Gemeten (afgelezen) snelheid : 122 km per uur
Werkelijke (gecorrigeerde) snelheid : 118 km per uur
Toegestane snelheid : 100 km per uur
Overschrijding met : 18 km per uur (…)
De overtreding werd automatisch en langs elektronische weg digitaal geconstateerd en vastgelegd. Het snelheidscontroletraject bevond zich in de gemeente Utrecht.
De geconstateerde gemiddelde snelheid was het resultaat van een berekening die plaatsvond op basis van de tijdsduur en de afgelegde wegafstand van het controletraject.
IJkdatum : 23-07-2012
Overtreden artikel : 62 jo. bord A1 RVV 1990
Rijrichting van : Arnhem
Rijrichting naar : Den Haag
Ter hoogte van hectometerpaal (…) : 58.7L (…)”.
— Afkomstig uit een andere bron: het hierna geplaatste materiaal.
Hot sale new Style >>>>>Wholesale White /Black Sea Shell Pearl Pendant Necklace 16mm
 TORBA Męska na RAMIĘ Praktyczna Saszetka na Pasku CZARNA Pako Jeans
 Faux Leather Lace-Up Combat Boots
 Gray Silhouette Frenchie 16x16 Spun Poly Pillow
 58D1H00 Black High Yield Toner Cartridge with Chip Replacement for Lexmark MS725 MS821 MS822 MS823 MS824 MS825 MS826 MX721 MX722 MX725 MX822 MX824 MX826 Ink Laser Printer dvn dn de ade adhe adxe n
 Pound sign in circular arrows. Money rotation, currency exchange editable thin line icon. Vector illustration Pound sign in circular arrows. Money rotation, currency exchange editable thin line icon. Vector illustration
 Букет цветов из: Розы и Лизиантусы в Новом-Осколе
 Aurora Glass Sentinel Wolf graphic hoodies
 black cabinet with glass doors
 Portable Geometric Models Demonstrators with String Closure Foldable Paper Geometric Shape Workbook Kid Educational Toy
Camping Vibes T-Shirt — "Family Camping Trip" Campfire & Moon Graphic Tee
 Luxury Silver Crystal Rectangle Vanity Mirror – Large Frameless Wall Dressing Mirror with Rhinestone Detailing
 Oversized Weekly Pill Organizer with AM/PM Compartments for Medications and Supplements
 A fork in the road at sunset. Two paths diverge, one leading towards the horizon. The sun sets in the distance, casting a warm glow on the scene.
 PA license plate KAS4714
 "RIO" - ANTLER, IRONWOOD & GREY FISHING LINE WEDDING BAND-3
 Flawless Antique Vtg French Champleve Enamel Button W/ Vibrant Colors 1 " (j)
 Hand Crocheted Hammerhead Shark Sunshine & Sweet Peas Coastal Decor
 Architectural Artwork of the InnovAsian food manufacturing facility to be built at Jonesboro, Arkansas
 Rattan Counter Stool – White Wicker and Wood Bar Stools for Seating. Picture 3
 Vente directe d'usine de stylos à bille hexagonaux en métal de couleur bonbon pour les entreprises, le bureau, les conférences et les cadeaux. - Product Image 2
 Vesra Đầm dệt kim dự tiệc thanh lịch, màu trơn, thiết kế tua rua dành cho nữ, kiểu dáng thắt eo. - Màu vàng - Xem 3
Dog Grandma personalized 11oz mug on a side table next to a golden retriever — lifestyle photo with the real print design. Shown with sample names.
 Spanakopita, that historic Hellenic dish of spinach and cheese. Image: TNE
12. Het hof ziet in hetgeen de betrokkene heeft aangevoerd geen aanleiding te twijfelen aan de verklaring van de verbalisant. Nu de betrokkene, anders dan de enkele stelling dat de bebording ten tijde van de gedraging niet in orde zou zijn geweest, geen voor zijn zaak specifieke feiten en omstandigheden aanvoert die aanleiding geven te twijfelen aan de verklaring van de verbalisant, noch uit het dossier zulke feiten en omstandigheden blijken, is naar de overtuiging van het hof komen vast te staan dat de gedraging is verricht.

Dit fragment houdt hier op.